If we were able to get that 2 minutes down to 10 seconds, we could handle 9 concurrent viewers for that section, equating to 360 viewers per hour, or 260 thousand per month. Which seemed like a reasonable amount, aiming to be within a budget of $30 per month.
I spent a considerable amount of time on this, working on converting the non compute optimised Wav2Lip code base to reduce inference speed. Those that have attempted this task will sympathise with how slow going this iterative approach is. Machine learning is not fast!
Approaches taken were:
- Quantisation - Which reduced the model size, but did not speed things up.

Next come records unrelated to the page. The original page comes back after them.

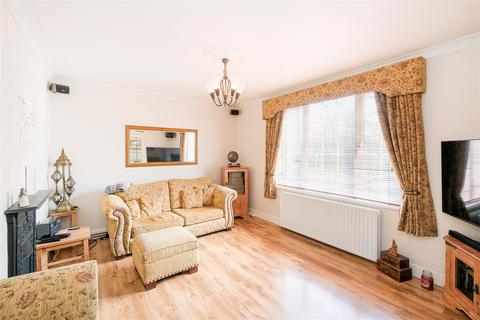 45 Ladyfields, Loughton, IG10 3RP
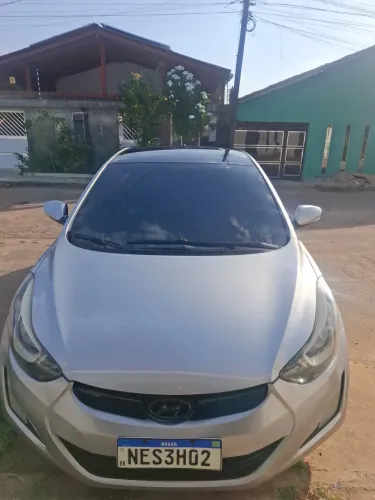 Hyundai Elantra GLS 2.0 16V Flex Aut. 2014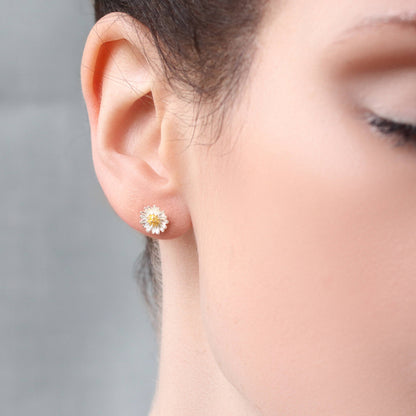 Daisy Sterling Silver Stud Earrings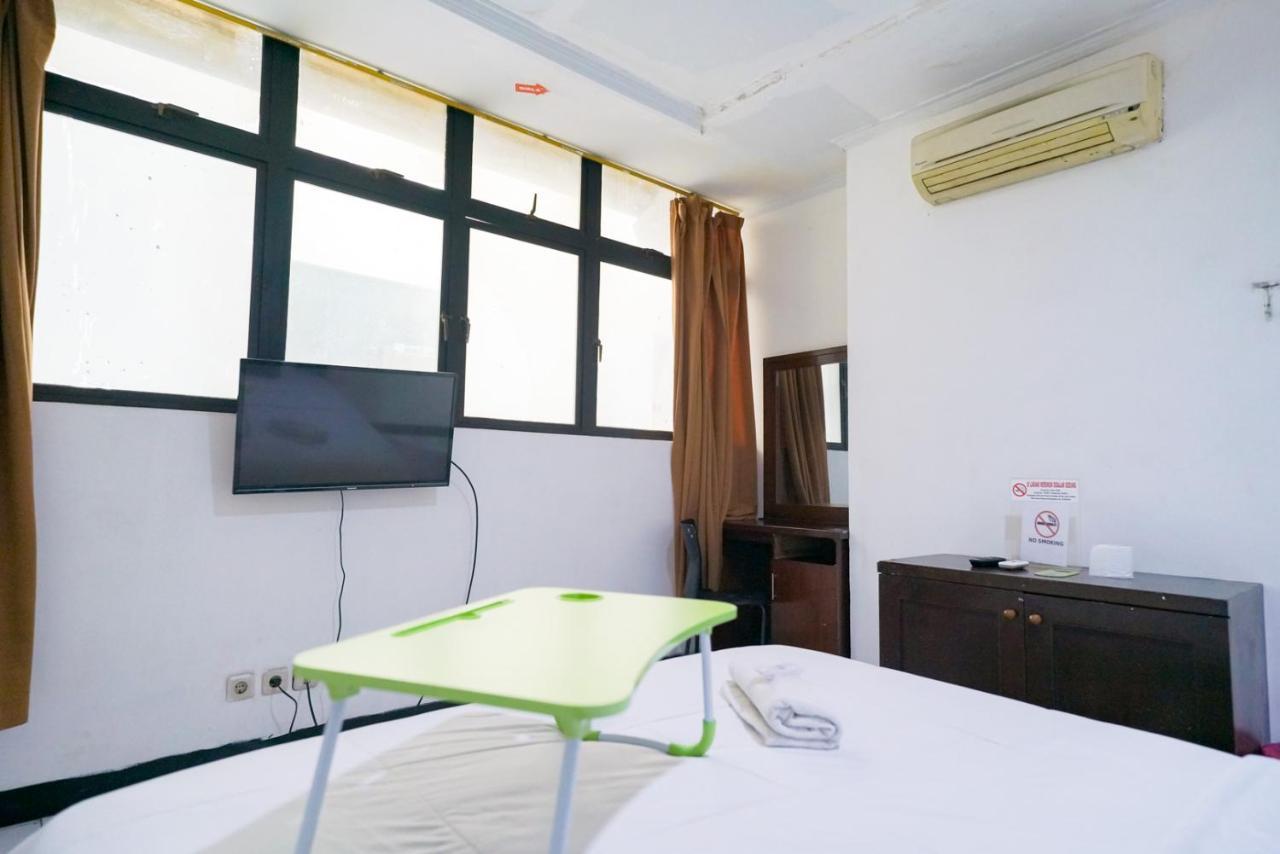 Urbanview Hotel Bes Mangga Besar By Reddoorz Jakarta Exterior photo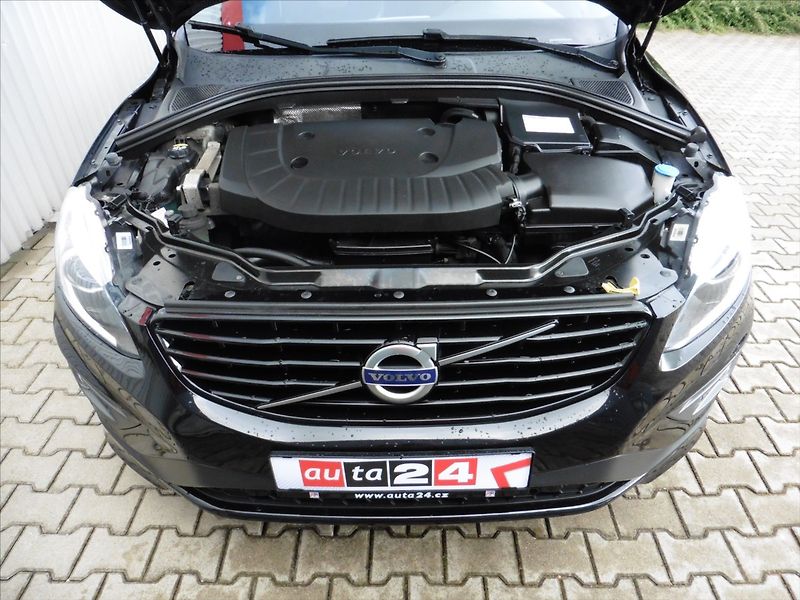 Volvo XC60 2.4 D5 R-Design AWD M/T Navi - fotka 12 z 15
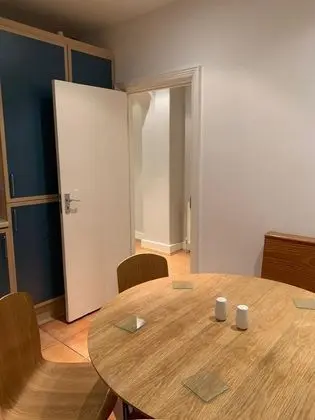 Basic Apart Daire, 2 Büyük (Queen) Boy Yatak, Sigara İçilmez, Şehir Manzaralı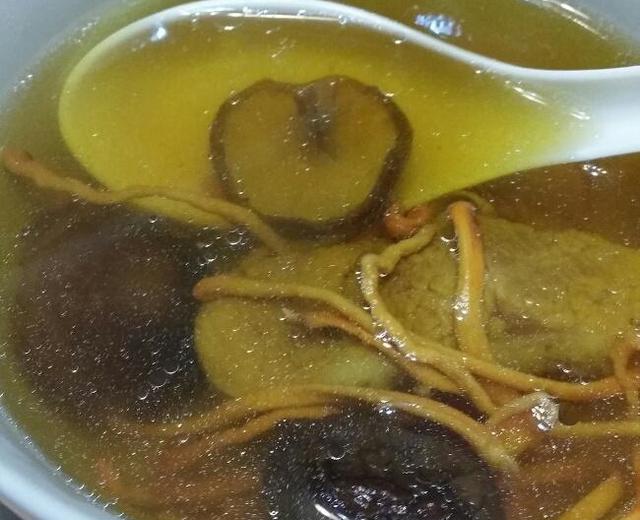 瘦肉虫草花香菇汤的做法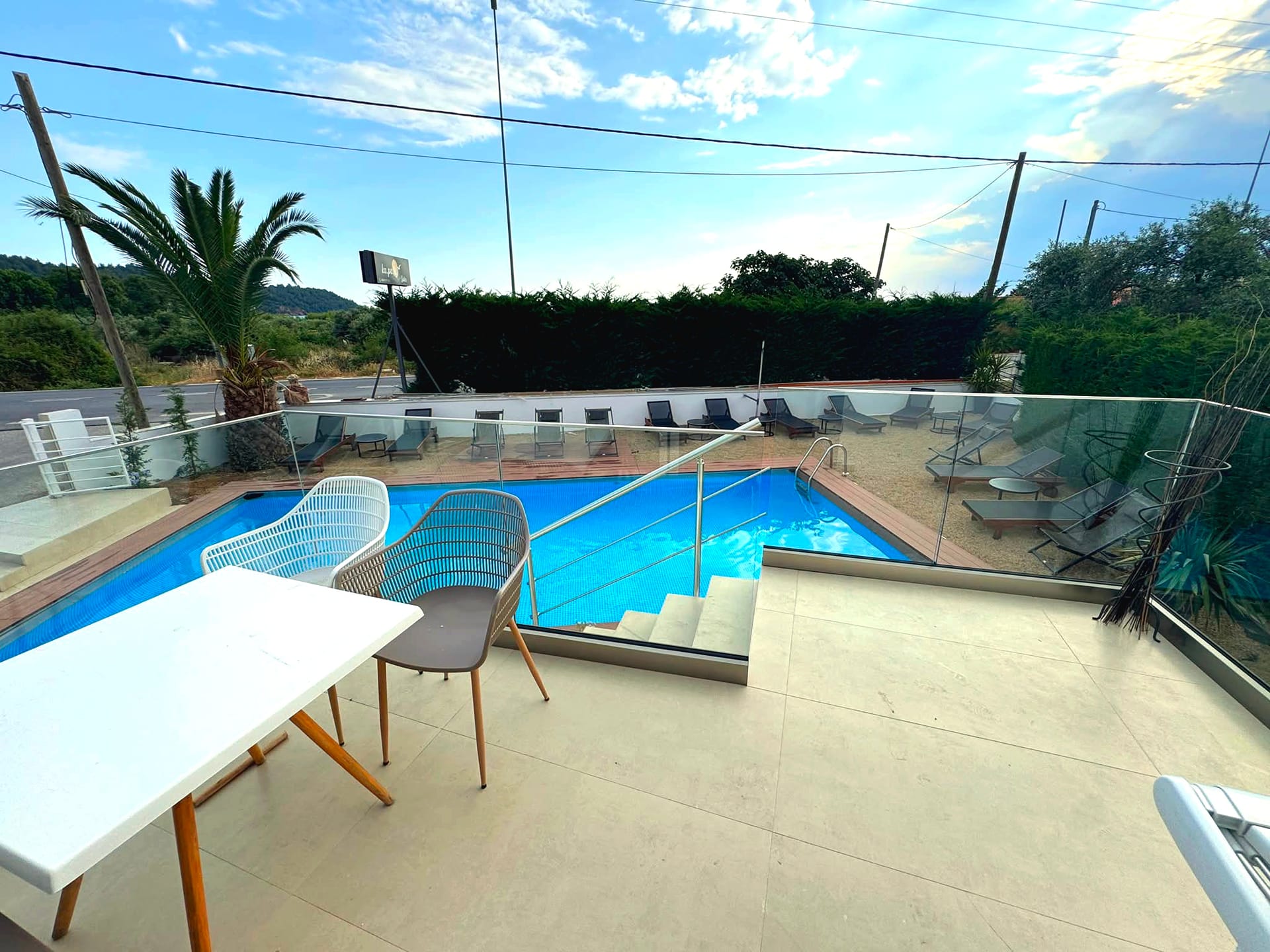 Kapahi Suites Apartments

- Simplification of the code - Remove redundant logic and code. As we're always using the same audio file, we load in the mel spectrograms instead of recalculating them each time.
- Making the server 'hot' - Keep the model in memory and use a generator to respond to new files from the user. This reduced start up time.
- Run Pytorch with the MKL-DNN engine - A library for deep neural networks from Intel. This is supposed to make use of Intel specific instruction sets such as AVX2 and AVX-512, which are forms of SIMD acceleration.
- Compiling Pytorch for each architecture that we tested to run the code. This should enable specific accelerations from hardware vendors, which inturn should significantly decrease our inference time.
- Conversion to ONNX - A model format and inference engine from Microsoft that is purported to reduce inference time.
- Running the face detection algorithm client side, to guarantee the minimum information passed to the preprocessor on the server side.
- Making the batch size suit the run length so that we reduce cache misses.
All of this work reduced the beginning 2 minutes, down to roughly 80 seconds, well off our target. So I began working my way up the processing tiers from Digital Ocean’s Droplets. Each tier increased the processing capability, and also the cost. Using the ‘Basic - Premium Intel’ droplet, at $96 per month was the minimum that would support our requirements. While over budget, given the amount of work already conducted on trying to get this running it was considered an acceptable compromise.